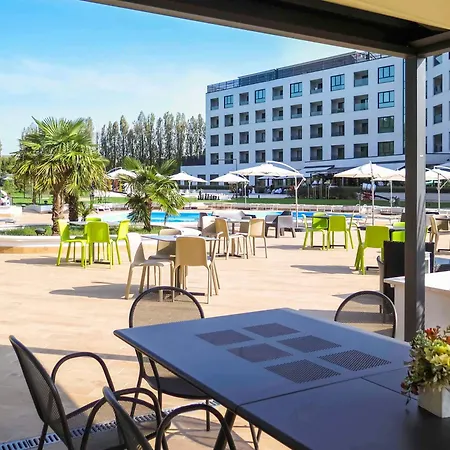 Hotel Ibis Styles Milano Est 4*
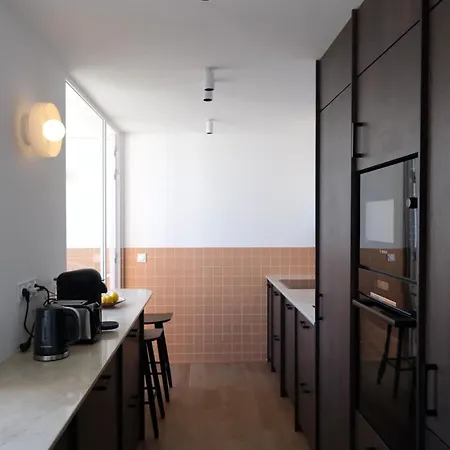 Spacious Near Belleville パリ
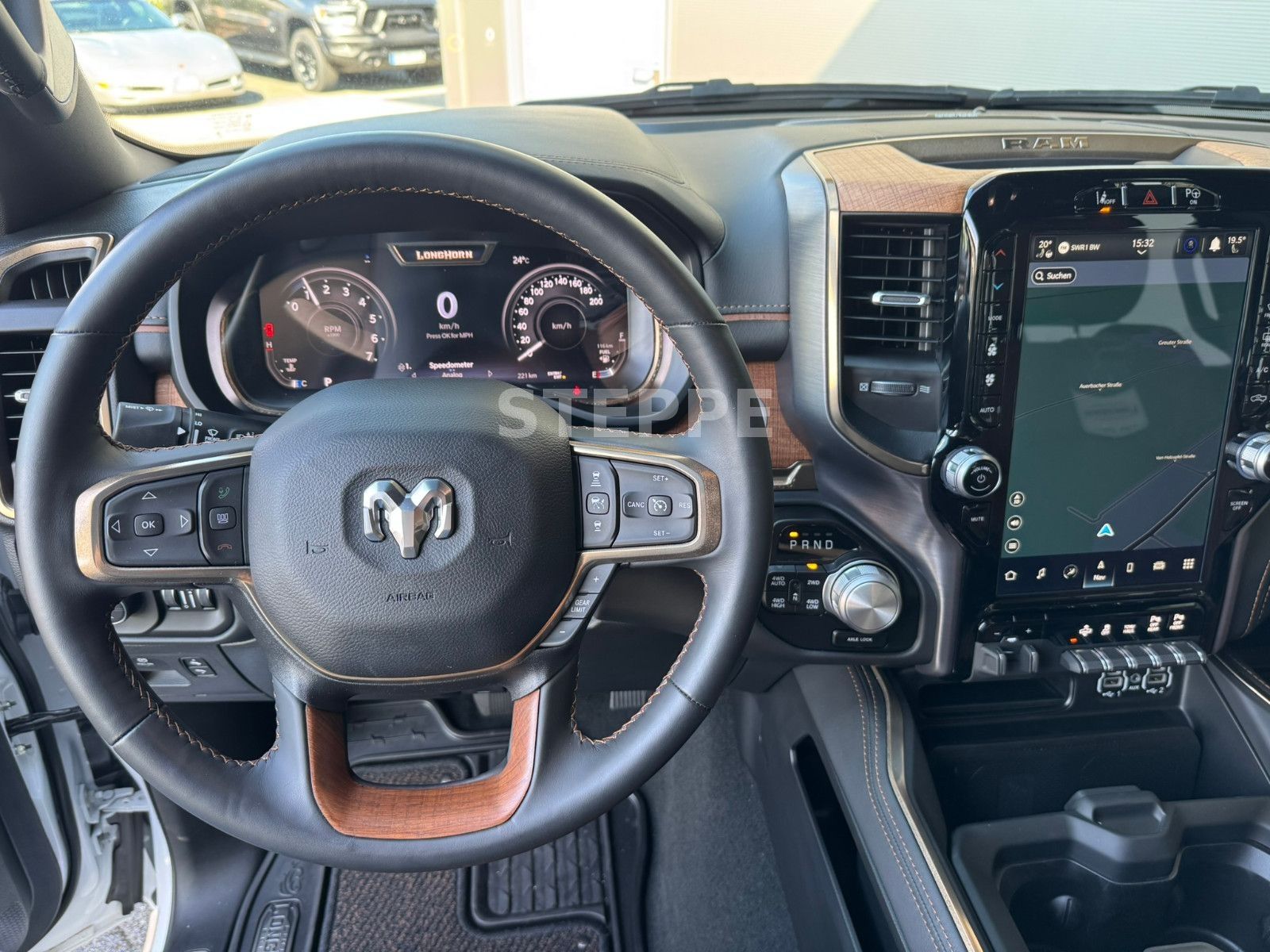 Dodge RAM 1500 5,7 V8 LONGHORN Luftfederung  AHK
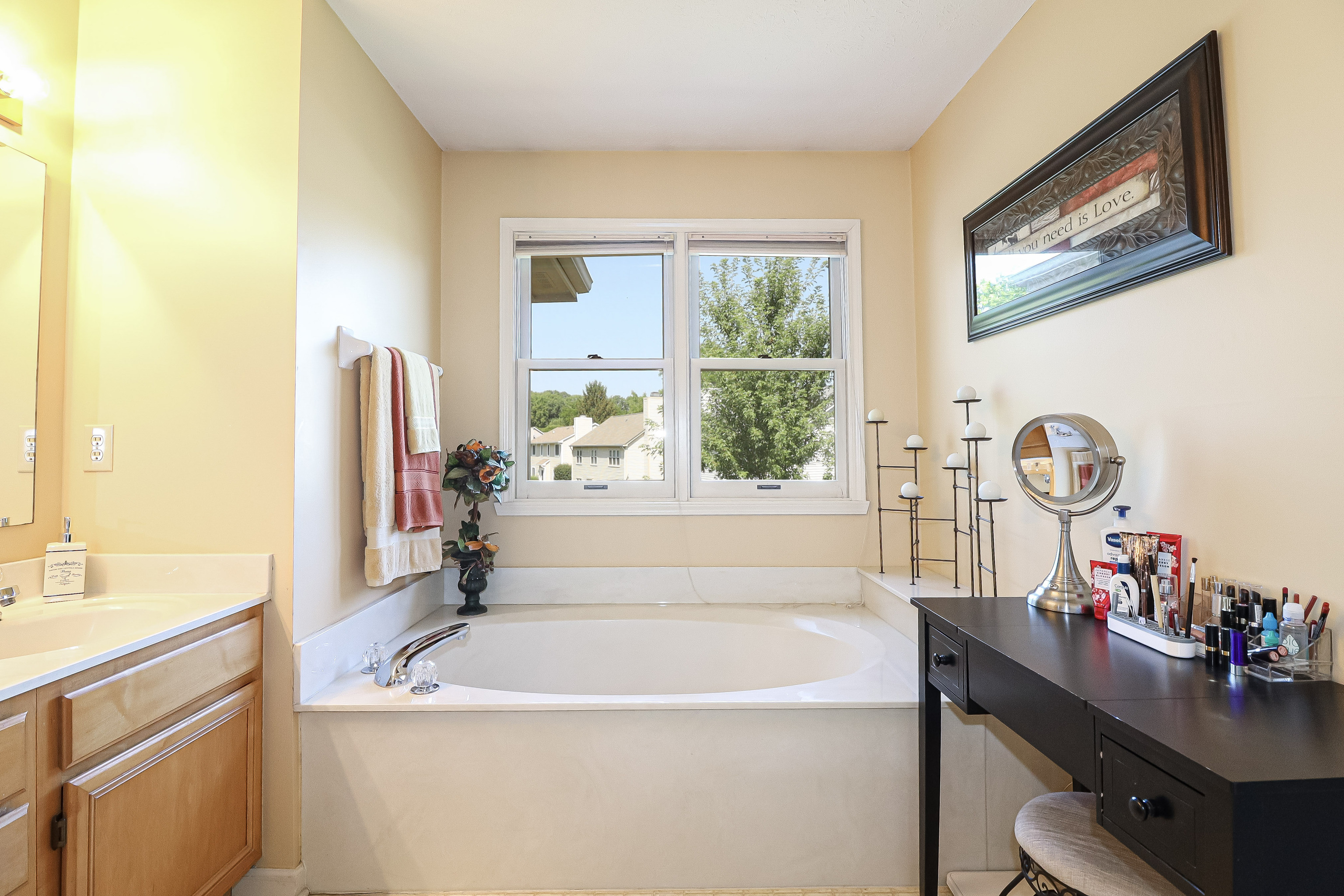 10784 Thistle Ridge Fishers, IN 46038 - Photo 22 of 42 Gallery Image 22
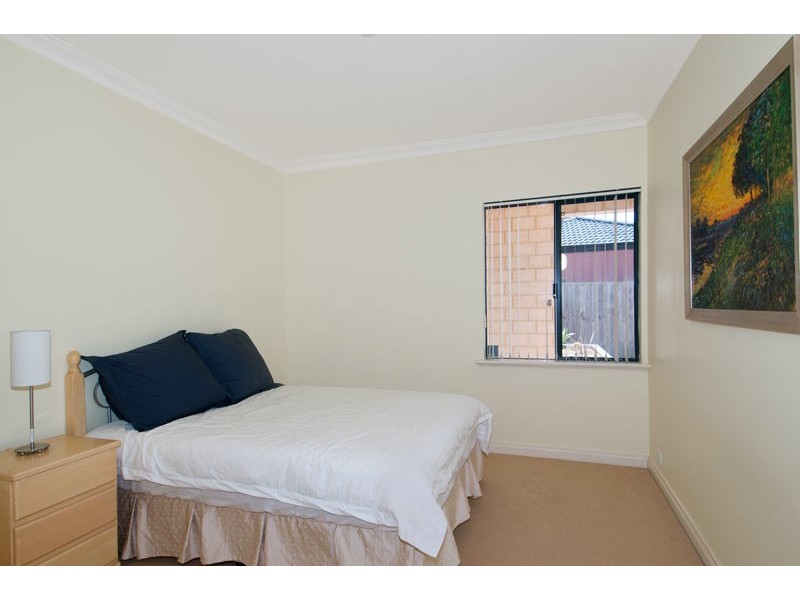 11 Sandy Cove, Halls Head WA 6210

========

ACTION ITEM - With the pictures omitted, repeat the full set of records above exactly.

RESULT OF THE EXERCISE -
 Hotel Ibis Styles Milano Est 4*
 Spacious Near Belleville パリ
 Dodge RAM 1500 5,7 V8 LONGHORN Luftfederung  AHK
 10784 Thistle Ridge Fishers, IN 46038 - Photo 22 of 42 Gallery Image 22
 11 Sandy Cove, Halls Head WA 6210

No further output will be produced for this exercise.